Tearing problem at bigger overlay sizes
Michel Dänzer
michel at daenzer.net
Wed Jan 14 08:47:58 PST 2009
On Wed, 2009-01-14 at 17:35 +0100, Xavier Bestel wrote:
> On Tue, 2009-01-13 at 18:55 +0100, Matthias Hopf wrote:
> > On Jan 13, 09 18:39:10 +0100, Xavier Bestel wrote:
> > > > Because the chip might reorder memory writes, and decide for later
> > > > blocks to be pushed out first (or even pushed out to memory w/o changing
> > > > the cache).
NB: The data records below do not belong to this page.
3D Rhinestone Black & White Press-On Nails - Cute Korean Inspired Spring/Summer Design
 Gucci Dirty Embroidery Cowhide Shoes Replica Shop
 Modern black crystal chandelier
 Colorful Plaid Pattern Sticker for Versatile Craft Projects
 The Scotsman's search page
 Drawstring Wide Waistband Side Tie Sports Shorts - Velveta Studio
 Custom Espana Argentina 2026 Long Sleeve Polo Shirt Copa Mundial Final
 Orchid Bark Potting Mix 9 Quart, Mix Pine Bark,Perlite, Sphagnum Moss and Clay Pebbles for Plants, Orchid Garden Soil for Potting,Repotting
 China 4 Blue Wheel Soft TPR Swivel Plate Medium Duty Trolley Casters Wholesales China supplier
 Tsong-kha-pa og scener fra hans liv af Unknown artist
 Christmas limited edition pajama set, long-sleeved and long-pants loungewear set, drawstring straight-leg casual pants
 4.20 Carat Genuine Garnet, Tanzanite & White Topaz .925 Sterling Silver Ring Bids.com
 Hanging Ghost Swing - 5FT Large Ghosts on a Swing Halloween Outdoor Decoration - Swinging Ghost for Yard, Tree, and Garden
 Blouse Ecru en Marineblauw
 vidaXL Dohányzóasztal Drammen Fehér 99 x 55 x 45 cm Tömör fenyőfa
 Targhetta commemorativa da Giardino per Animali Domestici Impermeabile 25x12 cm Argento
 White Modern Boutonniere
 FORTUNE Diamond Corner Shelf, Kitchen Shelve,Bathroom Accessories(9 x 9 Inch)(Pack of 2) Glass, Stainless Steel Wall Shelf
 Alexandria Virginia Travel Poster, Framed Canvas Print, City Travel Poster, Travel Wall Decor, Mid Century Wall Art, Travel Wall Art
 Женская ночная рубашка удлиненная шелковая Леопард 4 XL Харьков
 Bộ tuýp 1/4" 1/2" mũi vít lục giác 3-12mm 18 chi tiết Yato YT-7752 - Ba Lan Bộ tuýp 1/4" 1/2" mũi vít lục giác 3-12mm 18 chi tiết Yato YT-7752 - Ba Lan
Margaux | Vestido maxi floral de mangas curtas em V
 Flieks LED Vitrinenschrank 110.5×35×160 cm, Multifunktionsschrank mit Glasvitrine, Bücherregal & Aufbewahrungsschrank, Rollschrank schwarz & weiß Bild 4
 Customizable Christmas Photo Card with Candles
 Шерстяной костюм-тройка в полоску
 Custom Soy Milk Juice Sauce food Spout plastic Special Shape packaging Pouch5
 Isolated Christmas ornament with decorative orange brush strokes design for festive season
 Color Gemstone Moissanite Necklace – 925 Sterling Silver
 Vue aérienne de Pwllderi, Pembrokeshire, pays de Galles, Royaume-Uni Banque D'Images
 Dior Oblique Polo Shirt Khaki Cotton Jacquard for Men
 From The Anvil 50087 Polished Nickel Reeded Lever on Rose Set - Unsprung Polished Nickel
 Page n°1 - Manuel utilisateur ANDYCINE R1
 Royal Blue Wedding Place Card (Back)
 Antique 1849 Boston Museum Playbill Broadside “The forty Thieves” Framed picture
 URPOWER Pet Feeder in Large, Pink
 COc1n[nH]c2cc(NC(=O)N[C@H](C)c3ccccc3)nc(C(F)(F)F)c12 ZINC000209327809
That way you *could* see multiple tearings.
> > >
> > > I thought a cache flush acted like a barrier, i.e. even if reordered
> > > between them all writes before the flush should go.
> >
> > Yes, but the beam could already in the middle of the screen if you flush
> > only at the end of all blocks.
>
> That would mean the engine isn't way faster than the beam, which I
> thought was doubtful but after seeing the fillrate¹ of an r300 seems
> plausible: around 1 Gtex/s means an HD screen (1920*1080 = 2 Gpix) would
> take 2s to draw ...
> I must have missed something, it looks way too slow.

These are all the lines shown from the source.